Voltando ao relógio… A ameaça de guerra nuclear apresenta-se como um dos dois cenários finais do conflito na Ucrânia, conforme análise prospectiva de Futuribles Internacional. Compete com a destituição ou desaparecimento de Vladimir Putin. A análise “visualiza”, para esses desfechos, até 2025, duas alternativas: prolongamento do conflito, físico e cibernético, com escalada intensa e tomada de mais territórios pela Rússia (o não reconhecimento internacional levaria à guerra); volta ao status quo anterior a fevereiro 2022, deixando Putin isolado e enfraquecido. Fim da guerra e de Putin.
Limite a água. Quanto ao clima, o Instituto Potsdam e o Centro de Resiliência de Estocolmo alertam: dos nove “limites planetários” identificados até agora, o sexto – ciclo da água doce, ou verde, disponível para plantas – acaba de ultrapassar o marco. Junta-se, assim, à erosão da biodiversidade, às mudanças no clima e no uso do solo, a perturbações atmosféricas e oceânicas. Em miúdos, significa que o planeta tornou-se incapaz de absorver e compensar o impacto da atividade humana nesses limites. Os demais, resistindo, dão um tempo à atmosfera e biosfera. Mas agravam as crises humanitárias. Vinte dentre as mais prementes, só neste ano 2023, sendo a metade na África e duas na América Latina: Haiti e Venezuela.
“Será um pensamento utópico acreditar que o status quo possa ser desafiado e que um outro mundo é possível?” O próprio Chomsky acena com resposta positiva, ao sugerir mais esforços para trazê-lo à realidade – porquanto este mundo atual já não se sustenta. Existem iniciativas, principalmente quanto ao clima. O Green New Deal, por exemplo, considerado uma ideia boa, correta, para reduzir custos da energia renovável, embora haja críticas sobre as políticas exigidas. Recairão no mesmo processo de acúmulo de capital? Os Verdes europeus aderiram ao projeto em 2006. Nos Estados Unidos, o Partido Verde, que já apresentou candidatos ao governo de Nova York e à presidência, tenta sensibilizar o governo federal para conectar, e atacá-las ao mesmo tempo, as lutas em torno da mudança climática, racismo sistêmico e desemprego.
Democracia geral. Também em curso, a Internacional Progressista – chamado, em 2018, das forças progressistas para formar uma frente única – constitui-se um movimento de união por um mundo democrático em todos os sentidos. Iniciativa a partir do Movimento Democracia na Europa (do ex-ministro grego Yanis Varoufakis) e do Instituto Sanders (do ex-candidato à Casa Branca Bernie Sanders). Ecoou em Chomsky e uma plêiade dos que compartilham a visão de mundo possível, em países de quantos continentes existam. O Brasil faz-se presente com bons nomes, a exemplo do diplomata Celso Amorim e do ministro Fernando Haddad.

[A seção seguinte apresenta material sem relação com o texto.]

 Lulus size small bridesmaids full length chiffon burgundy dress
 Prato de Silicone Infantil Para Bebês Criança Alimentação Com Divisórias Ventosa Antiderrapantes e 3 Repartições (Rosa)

Neste mundo possível, voltado ao pluralismo, estruturam-se também alianças regionais, somando atitudes para desviar da enferrujada governança global. Na América Latina, sobressaem a Celac e Mercosul. Na Ásia, a Organização para a Cooperação de Xangai e o Aukus. No Oriente Médio, aliança contra o Irã envolve Israel, Emirados Árabes Unidos, Arábia Saudita e o Egito ditatorial. Há ainda os BRICS, grupo ao qual vêm aderindo mais e mais países, independente da região. Na Europa, continuam sendo as eleições o que marca mais as tendências ideológicas. Por toda parte, um combate de emancipação democrática.
De novo o relógio. Esperemos janeiro de 2024 em suspense para ver o deslocamento dos ponteiros; se o pêndulo, aos moldes das tendências atuais, gira forte para a direita ou dá um hausto de alívio à esquerda.